Give a verbatim copy of the lines below, minus the pictures.

> DATA EXTRACT:

┌──

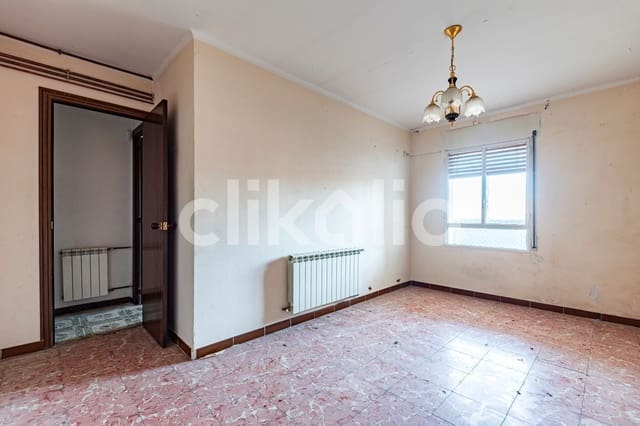 Piso de 3 habitaciones en Balaguer en venta - 45.000 € (Ref: 9105867)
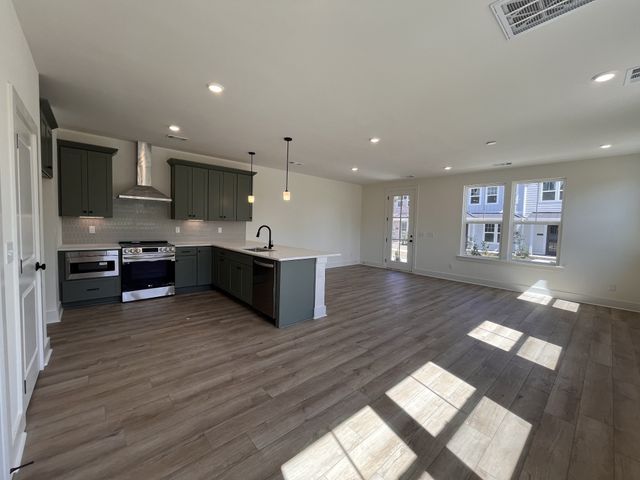 130 Valentine Aly, Nashville, TN 37218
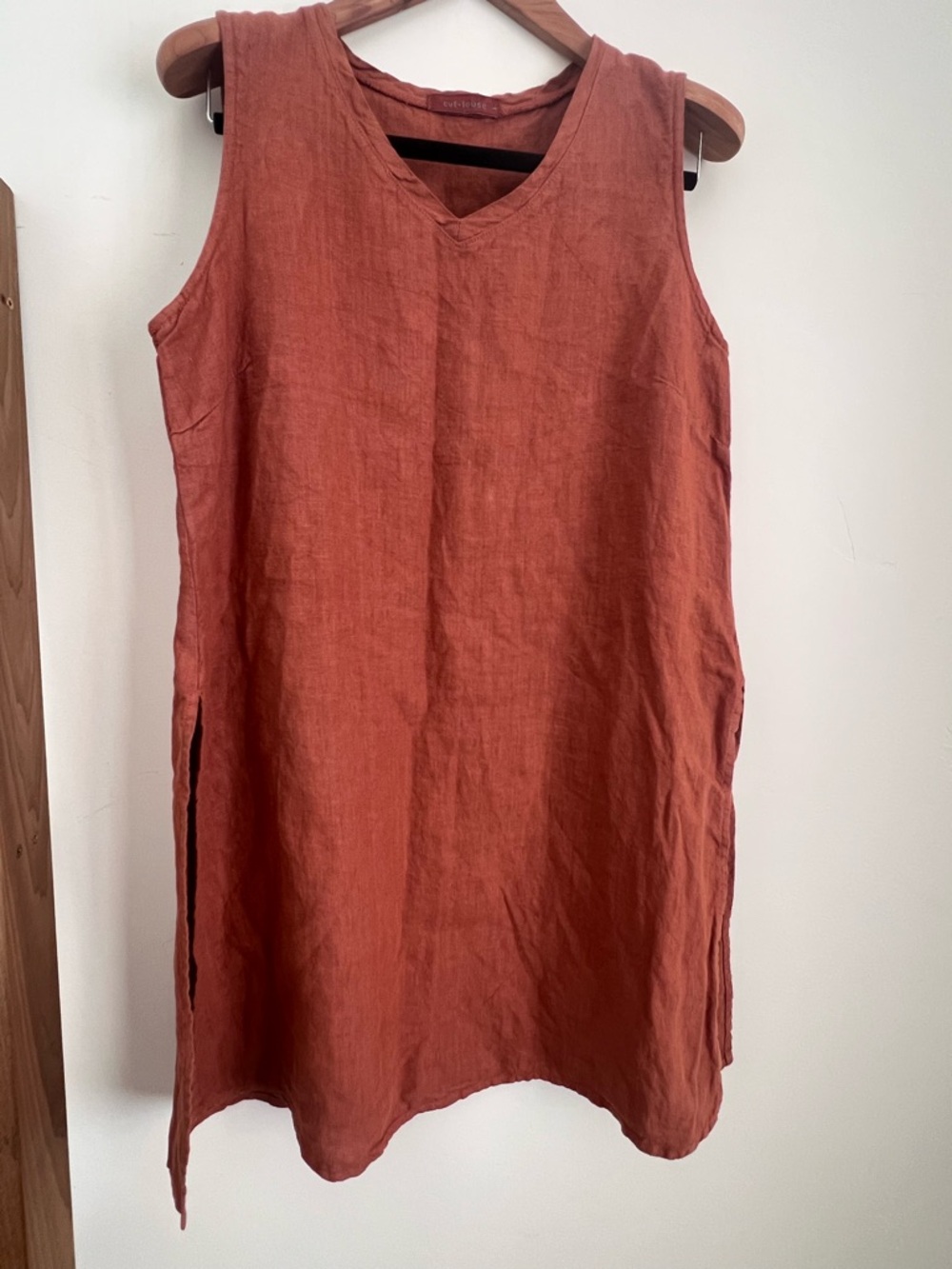 cut loose Rust-Colored Linen V-Neck Top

└──

> WORKED SOLUTION:
 Piso de 3 habitaciones en Balaguer en venta - 45.000 € (Ref: 9105867)
 130 Valentine Aly, Nashville, TN 37218
 cut loose Rust-Colored Linen V-Neck Top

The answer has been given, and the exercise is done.